Hujar (1934–1987) called attention to this variety in the way he exhibited his photographs, preferring to group them in such a way that no single genre would take precedence in a given cluster. Curator Joel Smith opted for installing this show (which was co-organized with the Morgan Library & Museum, New York, where it opens in January) along the same lines. But while the groupings were not necessarily by genre, they were often formal or thematic. A cluster of five photographs portrayed subjects—a dog, a Stromboli volcano, performer Sheryl Sutton, choreographer and dancer Dana Reitz’s legs, writer and AIDS activist Robert Levithan in bed—all pitched at the same angle. Elsewhere, six photographs from different places and times showed individuals or objects veiled behind mesh or some other sort of covering. Such clusters helped to tease out common compositional penchants between Hujar’s otherwise disparate imagery. The avoidance of genre groupings, however, proved less felicitous in several instances that read as willfully ironic, the juxtapositions overwhelming the individual images, with cows in a field flanking a nude actor backstage, or a snake on a chair sitting opposite a self-portrait.

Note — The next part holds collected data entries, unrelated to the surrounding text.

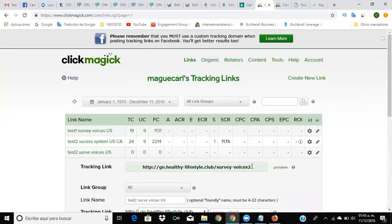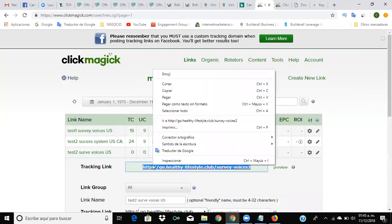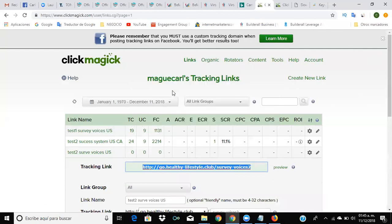Now this would be your final URL link for your Bing ads. Copy this and go to your notepad.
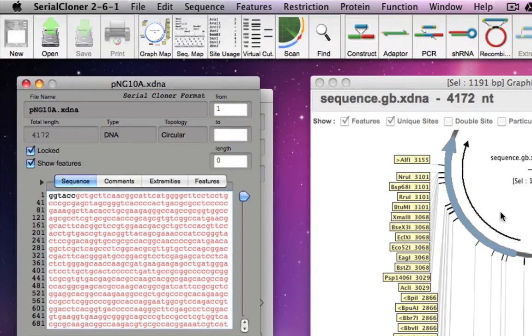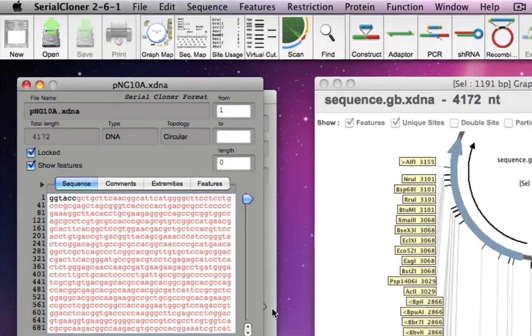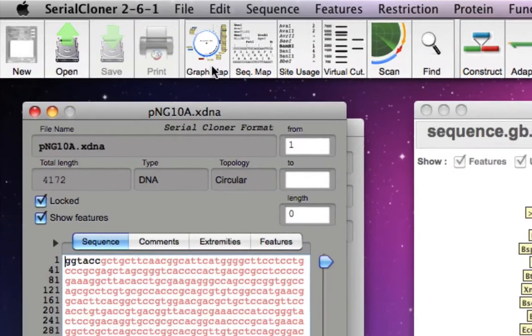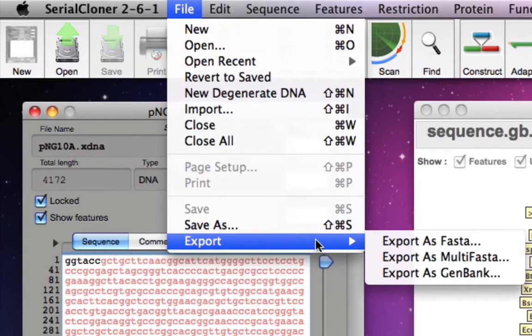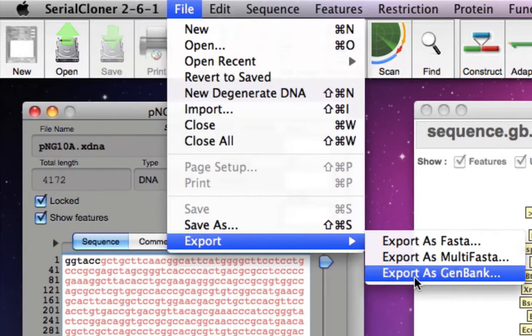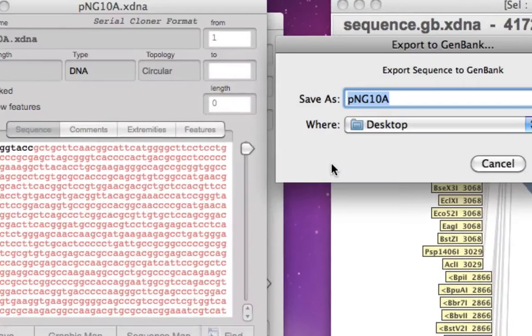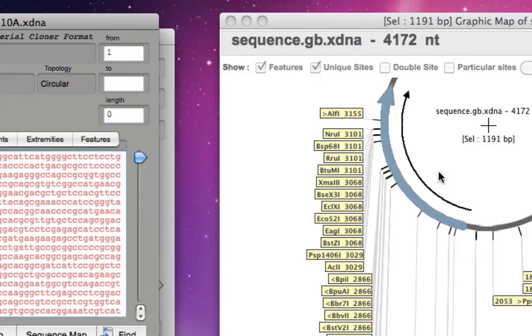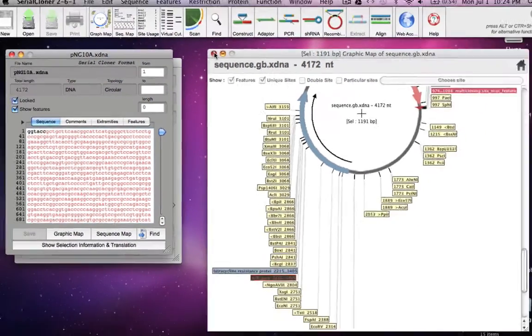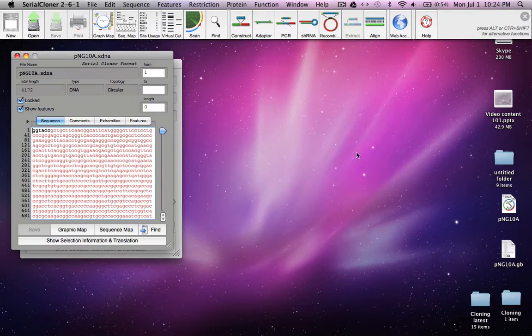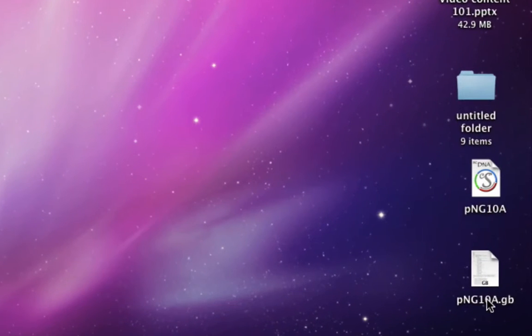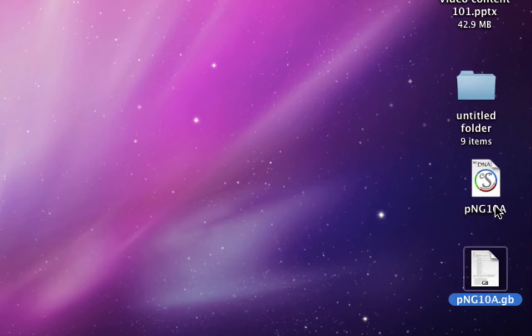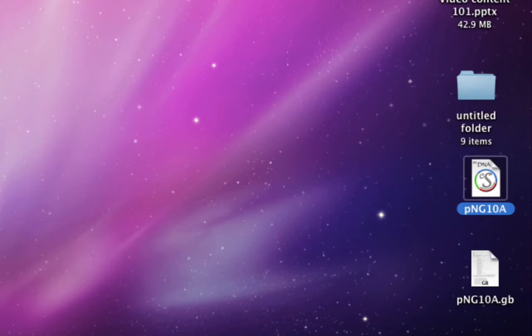You can also export it in different formats. Go to File and say Export, export as FASTA or as GenBank. Once you export the file in GenBank format or FASTA format, you can always send it as an attachment to your email or share it with your friends.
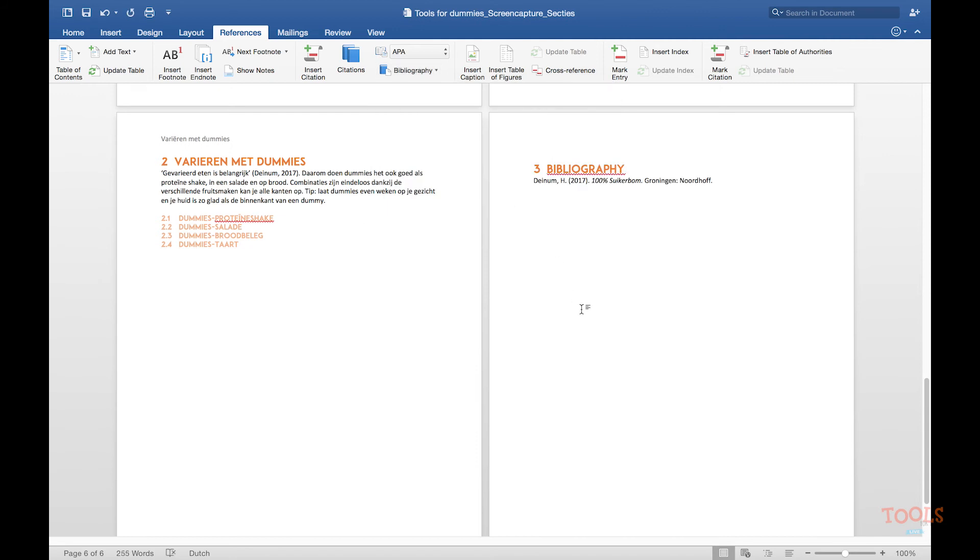And there it is. An automatically generated bibliography that is going to save you a lot of time.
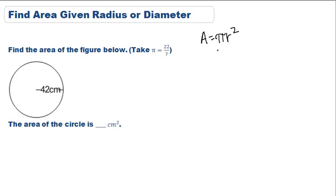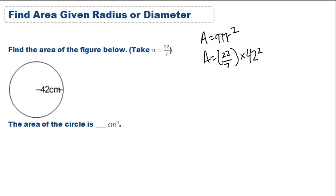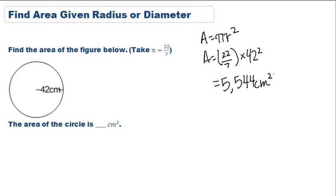So let's plug those numbers in. Area is equal to 22 over 7 times 42 squared. When we solve it all out, it's going to give us 5,544 centimeters squared.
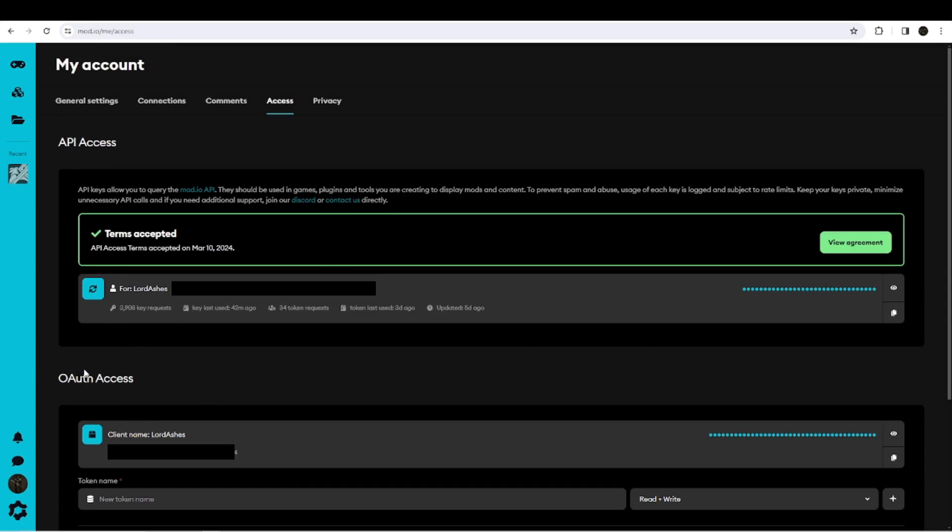But in order to access, we do need an API access key or token. In my case, I'm seeing 'View Agreement' here because I've already got a token. You can see it right here... well, can't see it—that's security. But this is where it would appear. I could push this to see it, but I'm not going to do that for obvious reasons.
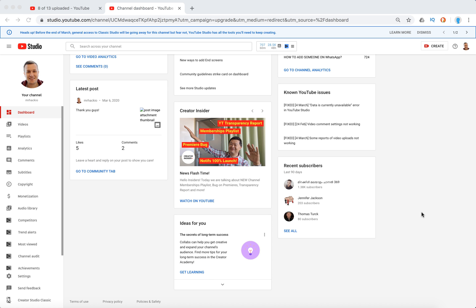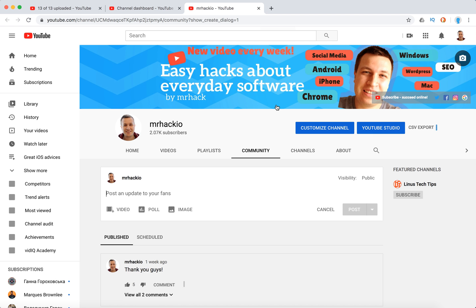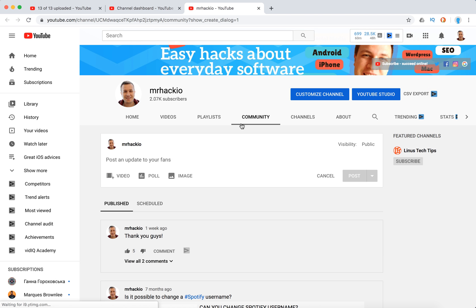So basically, when you go to your channel you will see this 'Create a post' in the top right corner. So when you see it, just click on it and you'll access this menu.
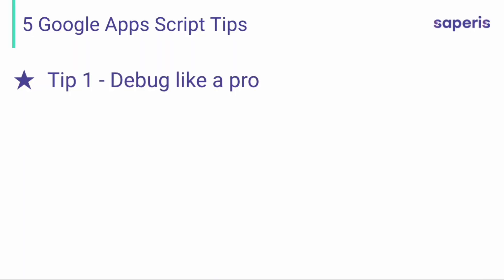Tip number one: debug like a pro. No matter how experienced you are at using Google Apps Script, you will make errors from time to time — your code simply won't run. So the sooner you learn how to debug, the better and more efficient for you. I have put together a video, I'll be linking to it right about now, and it shows you the different options you have when debugging with Google Apps Script.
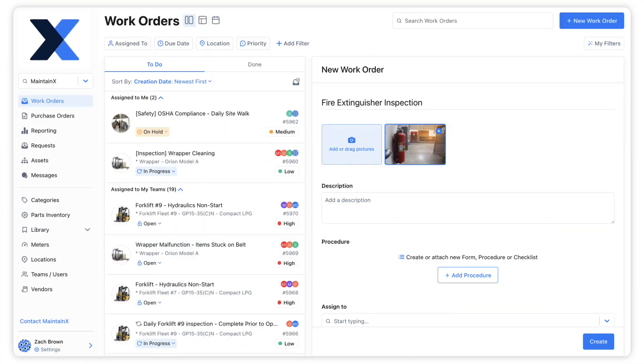When creating and updating work orders, we can include procedures for the person completing the work order to follow. Let's learn how to include procedures on a work order.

It is Hujar’s portraits—both of himself and others—for which he remains best known. These images offer a window not merely onto their subjects’ respective personalities, but onto Hujar’s varied affinities, from society’s upper echelons to New York’s more abject denizens. Whether showing the Marchesa Fioravanti wearing a great fur collar or a recumbent Candy Darling on her deathbed, his portraits reveal a keen sympathy for his sitters. Hujar once remarked that he liked to photograph “people who go to the extreme.” Yet his (mostly) close-up, bust-length pictures evince a sense of calm, and convey a nuanced pathos. He routinely shot his subjects in a reclining or supine state, lending them a certain ease or even spontaneity. We see a relaxed Susan Sontag lying on her back, Hujar’s lover the artist David Wojnarowicz resting in bed, or, seemingly spontaneous in his blithe repose, a young man on the Christopher Street pier.
Hujar’s 1970 photograph of a group of men and women marching joyously through the New York Streets—made famous in a 1970s poster for the Gay Liberation Front, which was formed in the wake of the Stonewall Riots—is a particularly striking image. In the 1980s, as AIDS came to ravage the gay community—and the photographer’s circle of intimates and eventually himself—Hujar’s exuberant imagery gave way to more acerbic depictions. His series of a ruined apartment interior in Newark conjures up a morbid but mesmerizing squalor, and recalls, in a sense, his 1963 photographs of old monks’ cadavers in the catacombs of Palermo. So vital and dynamic in his self-portraits, Hujar’s own body—photographed by Wojnarowicz just before death—would come to form a beautiful ruin in its own right.